Rumänische Kontraste Seite 5

Zeugnis davon geben auch die Steine am Friedhof der wunderschönen mittelalterlichen Burgstadt, die fast alle deutsche Namen tragen. Praktisch alle Deutschsprachigen sind wieder verschwunden. Geblieben ist von dem Jahrhunderte dauernden Gastspiel das beeindruckende kulturhistorische Erbe, und die Gewißheit, daß dieses Land auch zu Europa gehört, auch wenn es lange Zeit getrennt und isoliert war.

Rostige Zahnräder vor einer verfallenen Fabrik, in der keine Fensterscheibe mehr ganz ist, zeigt die häßliche Fratze der Industrialisierung. Mitten in schönster Landschaft nicht zuende gebaute Kühltürme, deren oberer unfertiger Rand durch Grünzeug "geschmückt" ist, als wollte die Natur ihren Triumph über den Wahnsinn damit mitteilen. Der Verfall und die Häßlichkeit der Industrieruinen spricht Bände über die Geschichte der (Wirtschafts-)Politik Rumäniens der letzten Jahrzehnte.

Die häßliche Stadt mit ihren riesigen Plattenbauten, zeigt den Irrsinn der hier herrschte. Der Fluß der Stadt ist in eine vollständig geschlossene Betonwanne gesperrt. Davor steht ein Chor der hübsche Volkslieder singt. Größenwahnsinnige Betonundinger stehen hier alten hübschen Häusern gegebenüber. Die Kontraste könnten schärfer nicht sein.

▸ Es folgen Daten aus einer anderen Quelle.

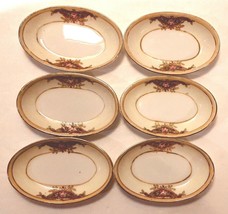 Nippon Hand Painted Gold Trim Rose Porcelain Open Salt Cellar Dish Set 6... - £14.91 GBP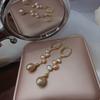Natural freshwater pearl earrings women's pink girl earrings new Edison ear buckles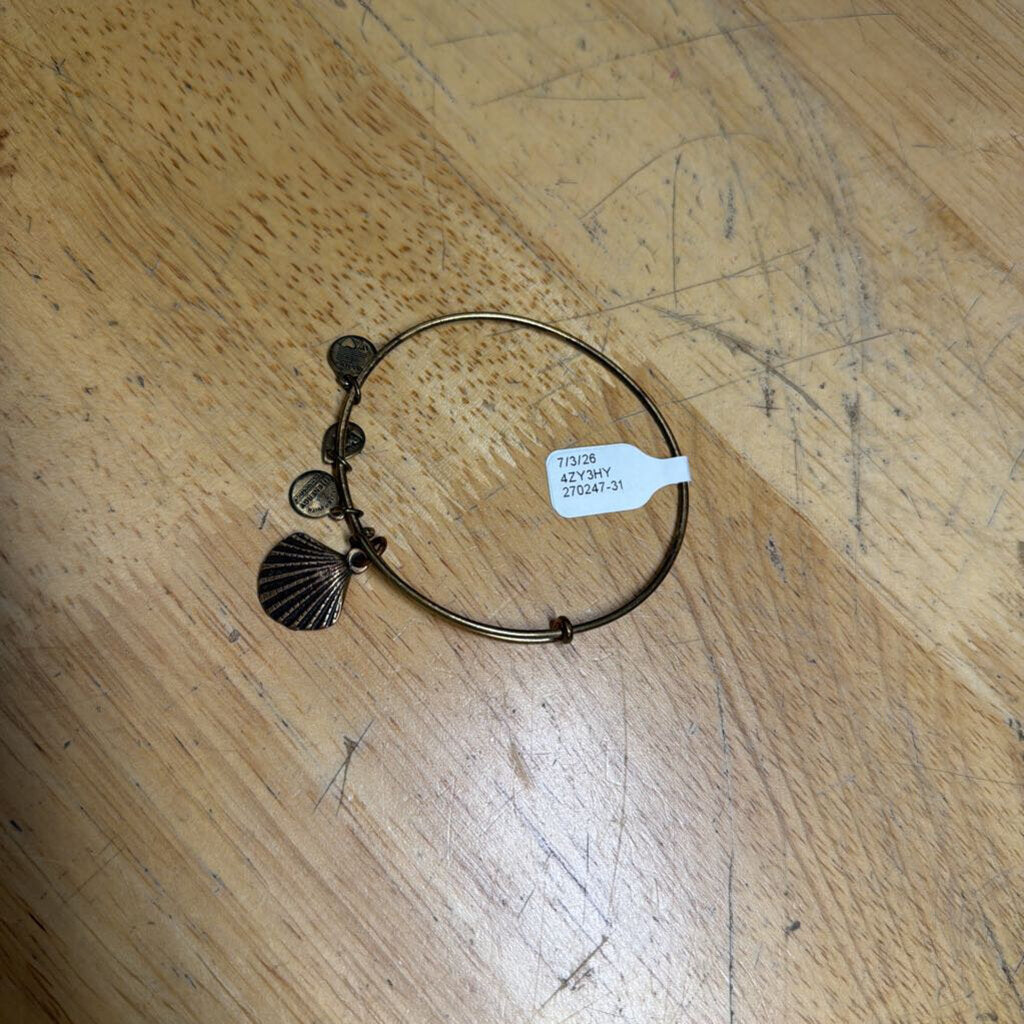 Alex and Ani Gold Seashell Charm Bracelet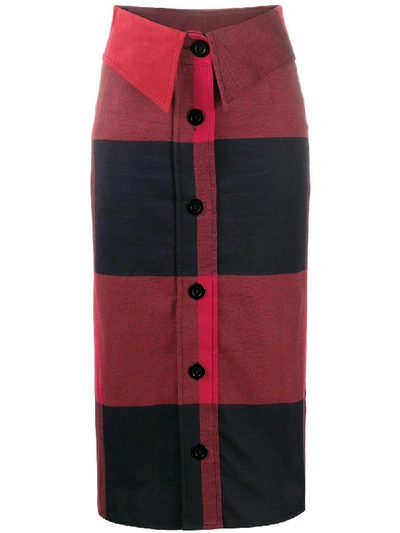 Shop Moschino Check Print Midi Skirt In Red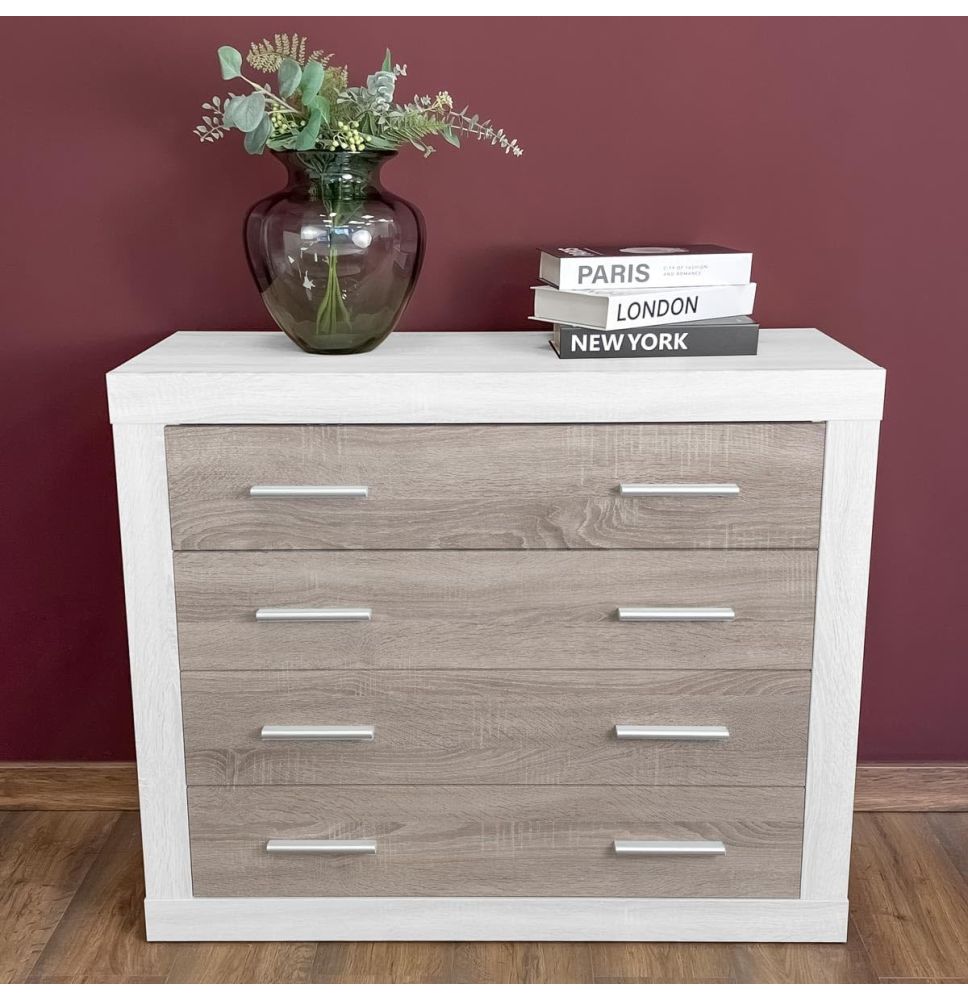 Meyvaser - Cómoda con 4 Cajones, Sinfonier,Colores Andersen y Pino Gris, Medidas: 60 cm (An) x 81.5 cm (Al) x 39.5 cm (Fon)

Kaum haben wir nach dem Weg gefragt zeigt uns das angesprochene junge Paar die ganze Stadt. Die modernen Skulpturen enttäuschen, der Maler aus Moldavien mit dem langen grauen Rauschebart, der sogar etwas deutsch spricht, überrascht, mitten in der Betonwüste. Der junge Rumäne ist Wirtschaftsinformatiker. Geld, Auto und Freundin ist ihm das Wichtigste. Das größte Interesse zeigt er an dem Einkommen und den Lebenserhaltungskosten in Österreich. Wir sagten ihm, Geld sei nicht alles und vieles was uns fehlte gäbe es in Rumänien. Dafür ernteten wir ungläubige Blicke. Es war ein lustiger Abend mit den beiden, die mitten in der Tristesse Lebensfreude, Gastfreundschaft und den weniger lustigen Haß gegenüber den Zigeunern zeigten.